# Clarion CX201 fitment questions / '03 Jetta MKIV



## emspilot (Dec 7, 2006)

I'm looking at putting the Clarion CX201 in my '03 Jetta. I currently have the Double DIN monsoon system.

http://www.crutchfield.com/p_020CX201/Clarion-CX201.html?showAll=N&tp=5684&avf=N

Crutchfield's system says it will not fit the Jetta, and the Rep said it's because they don't have an install kit.

Anyone done this or seen it in a MKIV Jetta?

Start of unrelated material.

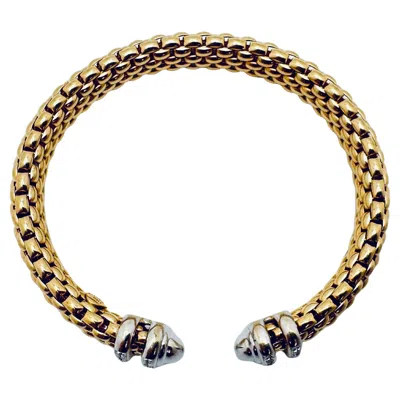 Pre-owned Fope 18k Yellow Gold Two-tone Diamond Torque Bangle Bracelet, 1980s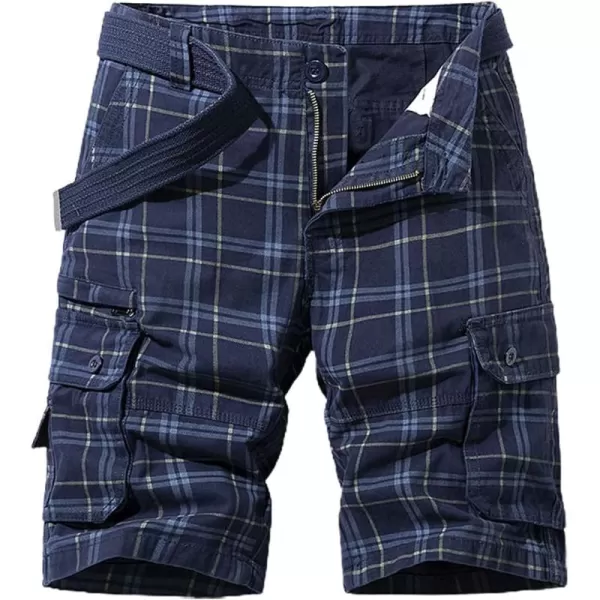chouyatou Mens Summer Cool MultiPocket Straight Leg Utility Plaid Cargo ShortsDark Blue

I don't want to take a saw to anything or have to cut and crimp the plastic or dash opening. 

Anyone know were an install kit can be found?


----------



## CanadaGTI (Jun 4, 2009)

it looks like a standard double din headunit therefore a kit that can be used is from metra part# 95-9012 not sure where the best place to get it would be tho


----------



## Jimal (Jul 31, 2003)

*Wow, search really is my friend*

I too have an '03 Jetta and I'm looking at the CX-201 head unit and the Metra 95-9012 bracket. I already have the Sirius SC-C1 satellite receiver and because I already have a crappy Sony head unit in the car I have the wiring harness to make it all work. I guess I know what I am doing now... 

Jimal


----------



## Jimal (Jul 31, 2003)

I ended up splurging and going with the CX501 instead of the CX201, which added features like Bluetooth that are really helpful for me using my Jetta as a long-range cruiser (I'm driving from Connecticut to Virginia and back at the end of the month). 

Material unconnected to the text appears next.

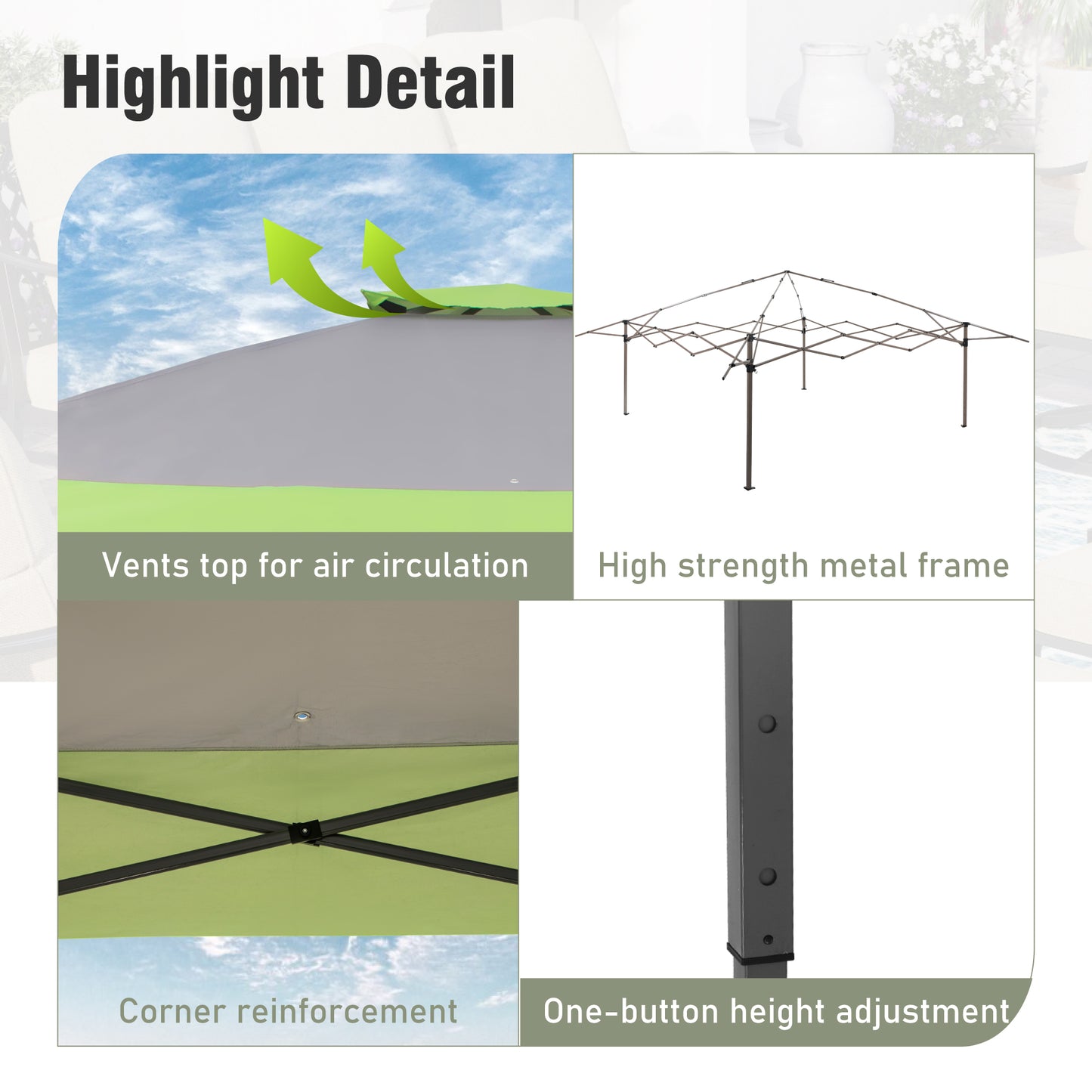 Captiva Designs 13’ x 13’ Pop-Up Canopy Tent - Instant Folding Shelter for Large Outdoor Sun Protection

The stereo (or shall I say the wiring) is a tight fit. I currently have the cheap harness but at some point I'll get the more expensive CAN BUS interface. Apart from that it is brilliant. I really like it and my wife loves it. As you can see I haven't installed the satellite radio antenna. I have a Shark Fin that I'm going to install on the roof and I'm just waiting for it to be warm to take apart the headliner and run the wiring.

Jim


----------



## emspilot (Dec 7, 2006)

Nice job Jim.

What did you use for an install kit? (bracket, harness, etc.)? Where did you source it from?


----------



## Birdman (Jul 21, 2000)

Amazon has everything you need to do the installs at decent prices


----------



## Jimal (Jul 31, 2003)

Thanks. I got everything through amazon.com. I felt a little guilty not buying from Crutchfield, since I've never had a bad experience with them. The problem was Crutchfield says this won't work and the head unit was significantly cheaper from Amazon. I do need to sand the top edge of the mounting bracket so that the cup holder comes out right. Not a big deal since I installed a center console with cup holders last summer, but I feel better when everything works right.

Jim


----------



## JCousteau (Aug 1, 2008)

Jimal said:


> Thanks. I got everything through amazon.com. I felt a little guilty not buying from Crutchfield, since I've never had a bad experience with them. The problem was Crutchfield says this won't work and the head unit was significantly cheaper from Amazon. I do need to sand the top edge of the mounting bracket so that the cup holder comes out right. Not a big deal since I installed a center console with cup holders last summer, but I feel better when everything works right.
> 
> Jim


Hey man,

Can you PM me the exact items that you bought? I'm thinking of punting the Bose symphony unit on my A4 and installing the same unit you got instead. It seems to have all the features I need and the price is right.

Thanks!


----------



## Creamycaesar (Dec 17, 2009)

Where you able to hook the steering wheel controls up also?


----------